Figuring out what you want to be when you grow up sometimes requires that you first grow up. That’s true for the best of us and even for unblinking sociopaths like thirty-something Louis Bloom (Jake Gyllenhaal), who would have to earn a promotion to be regarded as a petty thief. He’s plenty smart and burning with single-minded ambition. He’s also a square peg in a world full of round holes — at least until he comes across a horrific one-car accident and the man filming it, Joe Loder (Bill Paxton).
Joe is a nightcrawler, a stringer with a police scanner and high-def video camera who spends his nights ambulance-chasing for footage he can sell to local television news outlets. You gotta be fast, you gotta be first, you gotta be shameless; most of all you better understand what the buyers are looking for: pictures of horrific things that happen to “good people.”
“Good people,” of course, means white and affluent.
It’s a perfect fit. Louis is already a creature of the night and unemployable. No one with half a brain would hire this gaunt, dead-eyed passive-aggressive con man who talks like he was raised on how-to-succeed-in-business cassettes from the 80’s. There are people in the world that if you let them get even one hook in you, it’s only going to end ugly. Louis is one of those people.
And so is Nina (Rene Russo) who, despite being gifted with Diane Sawyer’s sex appeal and smarts, has lived the career of a news editor forever treading water. Pushing 60, she’s now one sweeps week away from going under for good. Nina seems to believe she hasn’t been ruthless enough to succeed. Louis is her tool to remedy that.
In Louis and Nina you have what the true-crime folks call a Wicked Attraction. Without finding the other, Louis probably would’ve finally met the wrong rent-a-cop while stealing chain-link fence, and Nina most certainly was on track to become one of those aging never-weres who wear too much make-up and haunt every rundown apartment complex in Los Angeles. Together, though, their dark ambitions feed one another, and God help anyone who gets in the way.
In these two characters, writer/director Dan Gilroy blisters the cynical and mercenary ethos of Los Angeles local news with the same blowtorch director Sidney Lumet and screenwriter Paddy Cheyefsky used against a fictional national television network in 1976, a network that looks less fictional with each passing year.

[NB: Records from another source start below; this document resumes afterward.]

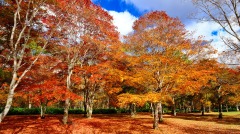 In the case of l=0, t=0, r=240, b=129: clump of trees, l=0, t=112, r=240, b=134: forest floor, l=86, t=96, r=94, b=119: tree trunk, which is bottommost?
l=0, t=112, r=240, b=134: forest floor

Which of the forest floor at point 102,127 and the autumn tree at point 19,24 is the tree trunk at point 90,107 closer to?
the forest floor at point 102,127

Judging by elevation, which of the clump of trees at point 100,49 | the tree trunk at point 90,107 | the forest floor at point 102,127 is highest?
the clump of trees at point 100,49

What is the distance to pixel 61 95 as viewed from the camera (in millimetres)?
18875

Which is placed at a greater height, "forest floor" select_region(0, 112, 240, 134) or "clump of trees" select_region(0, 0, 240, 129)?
"clump of trees" select_region(0, 0, 240, 129)

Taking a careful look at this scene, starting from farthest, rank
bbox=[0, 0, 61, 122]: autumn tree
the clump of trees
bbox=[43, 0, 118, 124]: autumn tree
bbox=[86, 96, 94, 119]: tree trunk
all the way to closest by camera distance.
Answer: bbox=[86, 96, 94, 119]: tree trunk < bbox=[43, 0, 118, 124]: autumn tree < the clump of trees < bbox=[0, 0, 61, 122]: autumn tree

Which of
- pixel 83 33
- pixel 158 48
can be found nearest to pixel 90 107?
pixel 83 33

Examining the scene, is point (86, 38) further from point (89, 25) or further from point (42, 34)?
point (42, 34)

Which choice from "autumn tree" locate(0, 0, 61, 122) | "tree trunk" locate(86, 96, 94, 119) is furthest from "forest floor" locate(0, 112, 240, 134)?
"autumn tree" locate(0, 0, 61, 122)

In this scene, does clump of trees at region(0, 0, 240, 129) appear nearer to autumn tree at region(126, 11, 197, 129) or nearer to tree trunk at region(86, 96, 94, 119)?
autumn tree at region(126, 11, 197, 129)

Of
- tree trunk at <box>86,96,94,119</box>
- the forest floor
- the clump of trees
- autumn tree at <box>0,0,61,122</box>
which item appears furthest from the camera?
tree trunk at <box>86,96,94,119</box>

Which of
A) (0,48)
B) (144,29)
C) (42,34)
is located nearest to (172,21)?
(144,29)

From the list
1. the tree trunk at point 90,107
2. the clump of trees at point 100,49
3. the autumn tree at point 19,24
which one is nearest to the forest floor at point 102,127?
the clump of trees at point 100,49

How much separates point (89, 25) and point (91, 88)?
39.1 feet

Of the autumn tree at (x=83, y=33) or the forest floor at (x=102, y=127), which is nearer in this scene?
the forest floor at (x=102, y=127)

“Nightcrawler” also does something I absolutely love in movies: takes you on a grand tour of a subculture. Louis and Nina are (hopefully) exaggerated. Nonetheless, Gilroy’s story is grounded enough to capture the essence of what it must be like to hurry up and wait to profit on human tragedy in a gutter of a city.
Another bonus is how well Gilroy captures Los Angeles in all its steel-barred, stucco’d, paved, sprawled, smoggy, strip-malled one-story-ghetto glory. If you want to know how the real Los Angeles looks, feels, and smells — this is it. It is also good to see Rene Russo (Gilroy’s wife of 20 years) back on the screen in a role she knocks out of the park.
Although I’ve never been much of a Gyllenhaal fan, there’s no question this is a career performance. He’s so good we constantly forget what Louis is capable of. We’re caught off guard as easily as his prey. Wrapped in a compelling story that puts you in a trance are numerous jaw-dropping moments where you witness a shrewd, charismatic amoral eccentric doing what needs to be done to get what he wants — especially from Nina.
“Nightcrawler” is a dark tale, a neo-noir with no interest in making anyone feel good. Los Angeles is Hell and these are the demons who feed on one another. It’s also a fascinating character study about sleazy people in a sleazy world that thankfull, doesn’t wallow in sleaze. You’ll certainly feel uncomfortable, but only as a tourist not a participant.